Last week lawyers and expert witnesses provided engrossing testimony about children caught up in a bureaucracy that, by description, seems impervious to the dictates of federal and city child welfare laws, estranged from sound and simple management ideas and unresponsive to the needs of the children who require protection. The damage caused by this alleged negligence and incompetence is devastating. The court heard about 11-year-old Kevin, who climbed into a trash can at St. Elizabeths Hospital and waited to be thrown away because he said he was worthless. This child has had at least 11 different placements, been physically abused by his mother and missed out on adoption by families that have wanted him, because the city never got around to implementing an adoption plan for him.

Then there was Robert, a 12-year-old boy whose greatest fear, he told the psychiatrist, was "people." A five-year veteran of foster homes, abandoned twice by his mother and a victim of beatings at her hands and a foster mother's as well, he has been in temporary 90 days "emergency care" for years.

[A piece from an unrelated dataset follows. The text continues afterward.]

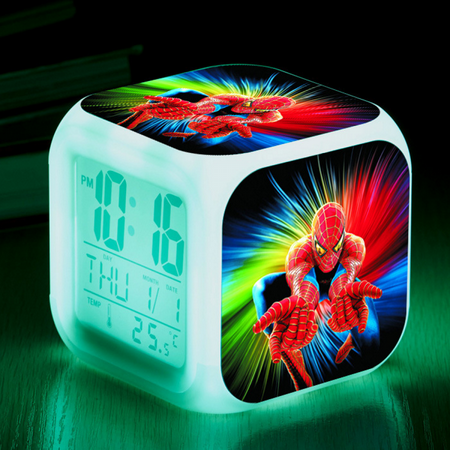 Digital Alarm Clock for Kids, Cartoon Spider-Man Pattern 7 LED Color Changing Wake Up Clock with Thermometer Function and Night Light, Gift for Boys Girls A93-2215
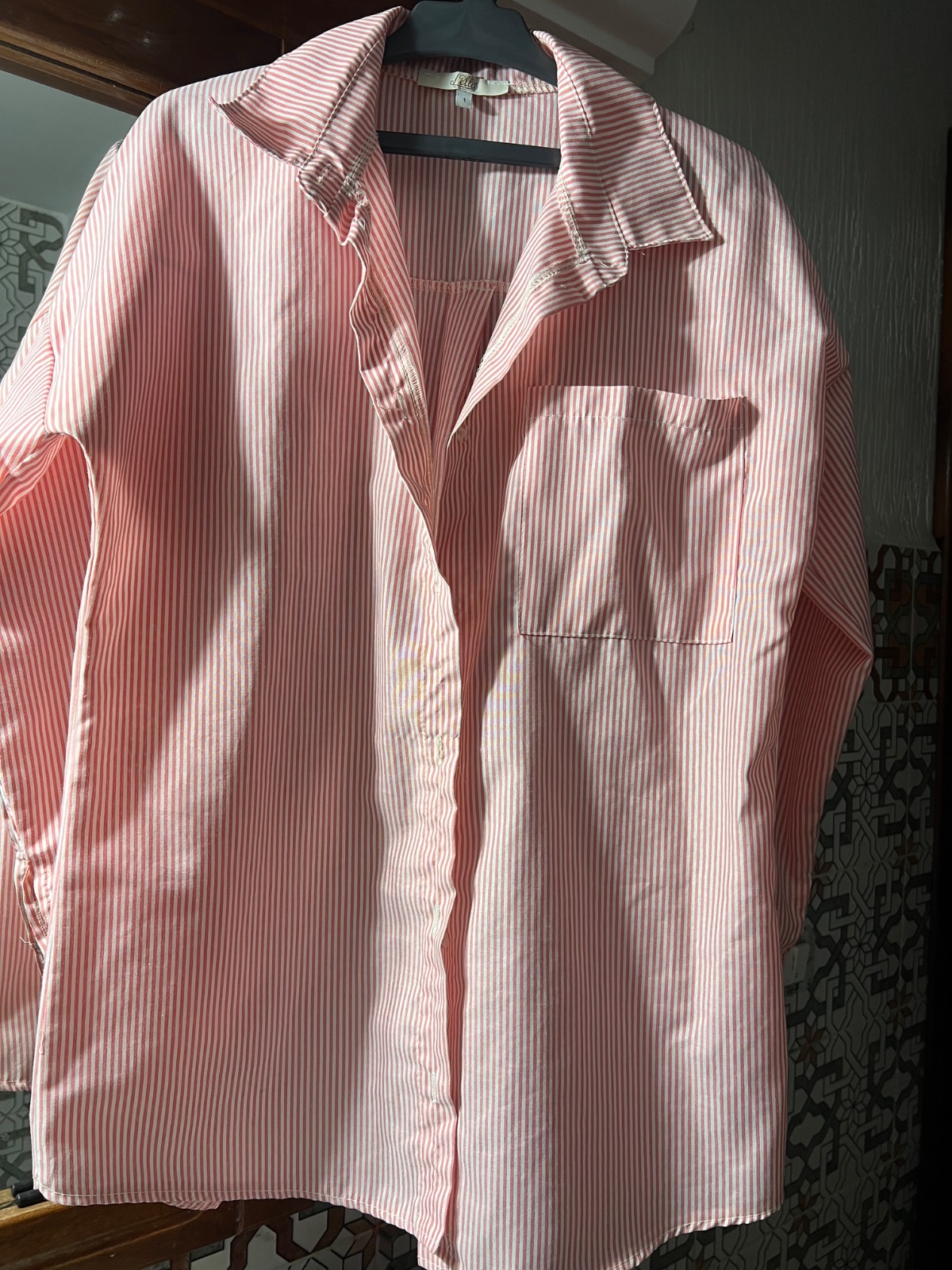 Chemise oversize à rayures rose et blanc - Taille S⁠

The ACLU lawsuit constitutes a denunciation of the city's welfare system. The charges, however, are not unique. The Rivlin Commission also concluded that the program falls short of all acceptable standards, is grossly inefficient and costly. From a system that cries constantly about the lack of resources, the commission disclosed that the program returns unspent foster care federal funds that could be used to hire more social workers. And because of deficiencies in the present case-tracking system, the city is losing $3 million annually in federal reimbursements. According to the Rivlin Commission, parents who can pay child support payments don't, because the city won't pursue them.

A final judgment has not been rendered on the lawsuit, but you don't have to wait for that. The city's new leadership and the public have an opportunity to delve into the causes of this crisis and to fix the problems. People need to know why the District's child welfare system performs as poorly as it does.